Invalidating an aggravating circumstance
Invalidating an aggravating circumstance does not automatically require this court to vacate a death sentence and remand for new proceedings before a jury. See Witter v. State, 112 Nev. 908, 929, 921 P.2d 886, 900 (1996); see also Canape v. State, 109 Nev. 864, 881-83, 859 P.2d 1023, 1034-35 (1993). Where at least one other aggravating circumstance exists, this court may either reweigh the aggravating circumstances against the mitigating evidence or conduct a harmless error analysis. Witter, 112 Nev. at 929-30, 921 P.2d at 900. In the present case, the jury designated as mitigating circumstances (1) that the murder was committed while the defendant was under the influence of extreme mental or emotional disturbance, and (2) any other mitigating circumstances. We conclude that the remaining three aggravators, robbery, burglary and sexual assault, clearly outweigh the mitigating evidence presented by Chappell. We therefore conclude that Chappell's death sentence was proper.
Mandatory review of propriety of death penalty
NRS 177.055(2) requires this court to review every death penalty sentence. Pursuant to the statutory requirement, and in addition to the contentions raised by Chappell and addressed above, we have determined that the aggravating circumstances of robbery, burglary and sexual assault, found by the jury, are supported by sufficient evidence. Moreover, there is no evidence in the record indicating that Chappell's death sentence was imposed under the influence of passion, prejudice or any arbitrary factor.
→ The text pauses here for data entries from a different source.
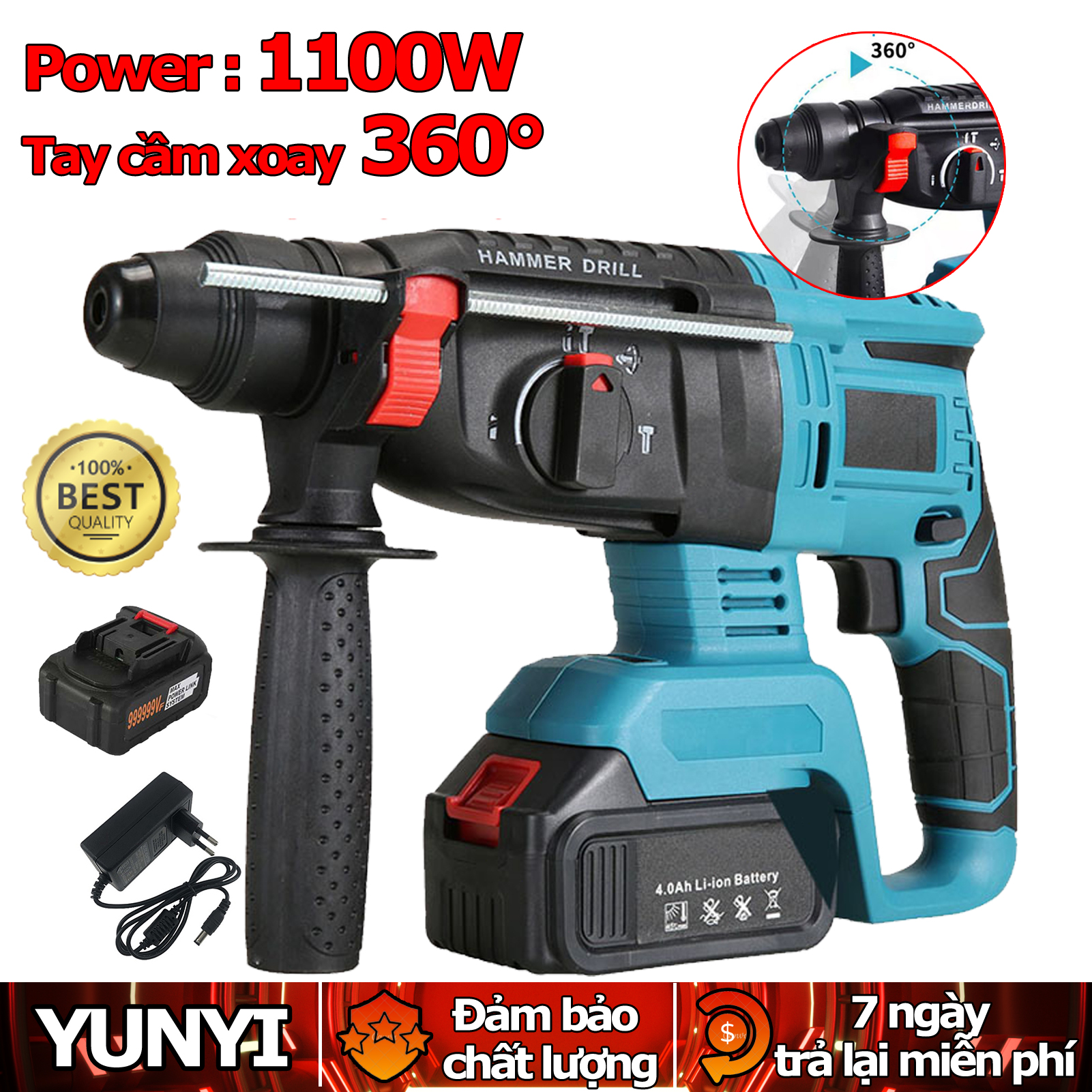 Máy khoan bê tông pin 1100w - khoan đục bê tông lõi đồng 100%,3 chế độ ,động cơ không chổi than, máy khoan tường cầm tay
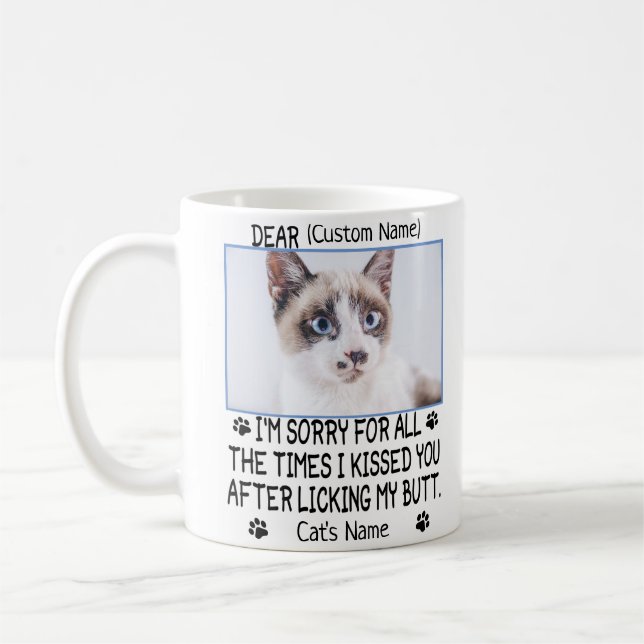 funny Dear cat , Personalized cat's photo and name Coffee Mug (Left)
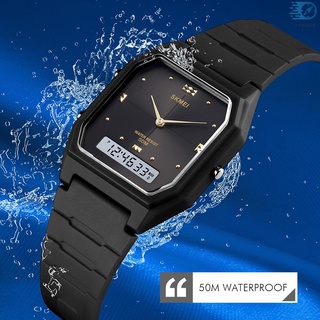Skmei ultrafino reloj electrónico Digital Dual Display Unisex 3 modo hora fecha semana despertador 5ATM impermeable masculino moda relojes par pulseras para la vida diaria deportes negocios familia amigos regalos (7)
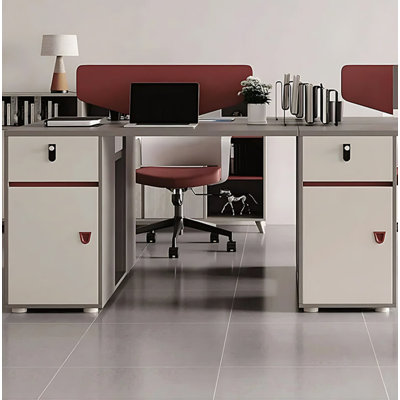 Modern Industrial Office Desk with Privacy Screen and Integrated Storage Cabinet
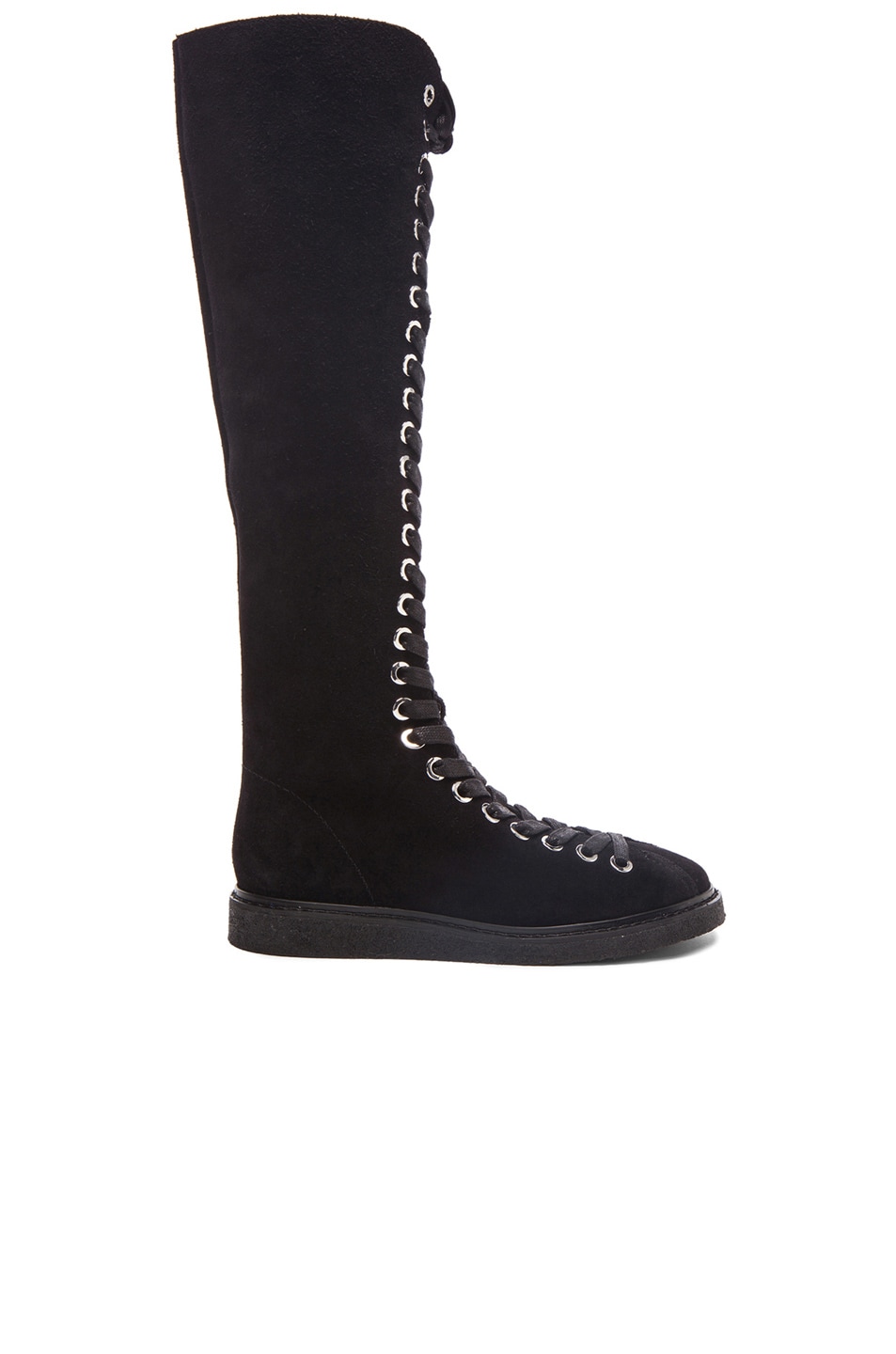 Image 1 of Alexander Wang Emmanuel Suede High Lace Up Boots in Black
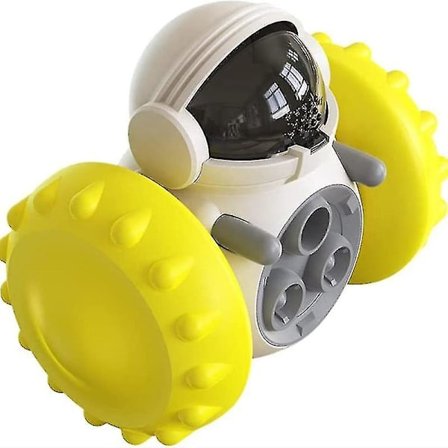 Tumbler Pet Slow Food Ball Balance Car Robot Food Distribution Toy (gul)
Lastly, we have concluded that the death sentence Chappell received was not excessive considering the seriousness of his crimes and Chappell as a person.
NRS 177.055(2) provides:
2. Whether or not the defendant or his counsel affirmatively waives the appeal, the sentence must be reviewed on the record by the supreme court, which shall consider, in a single proceeding if an appeal is taken:
(a) Any error enumerated by way of appeal;
(b) Whether the evidence supports the finding of an aggravating circumstance or circumstances;
(c) Whether the sentence of death was imposed under the influence of passion, prejudice or any arbitrary factor; and
(d) Whether the sentence of death is excessive, considering both the crime and the defendant.
Additional issues raised on appeal
Chappell further contends that: (1) the State's use of peremptory challenges to excuse two African-American jurors from the jury pool was discriminatory; (2) the district court erred in admitting hearsay statements; (3) the district court erred by denying Chappell's motion to strike the notice of intent to seek the death penalty; (4) the State improperly appealed to the jury for vengeance during the penalty phase; (5) cumulative error denied Chappell a fair hearing; and (6) victim impact testimony denied Chappell a fair penalty hearing. We have reviewed each of these issues and conclude that they lack merit.
THE HONORABLE CHARLES E. SPRINGER, Chief Justice, voluntarily recused himself from participation in the decision of this appeal.
THE HONORABLE A. WILLIAM MAUPIN, Justice, voluntarily recused himself from participation in the decision of this appeal.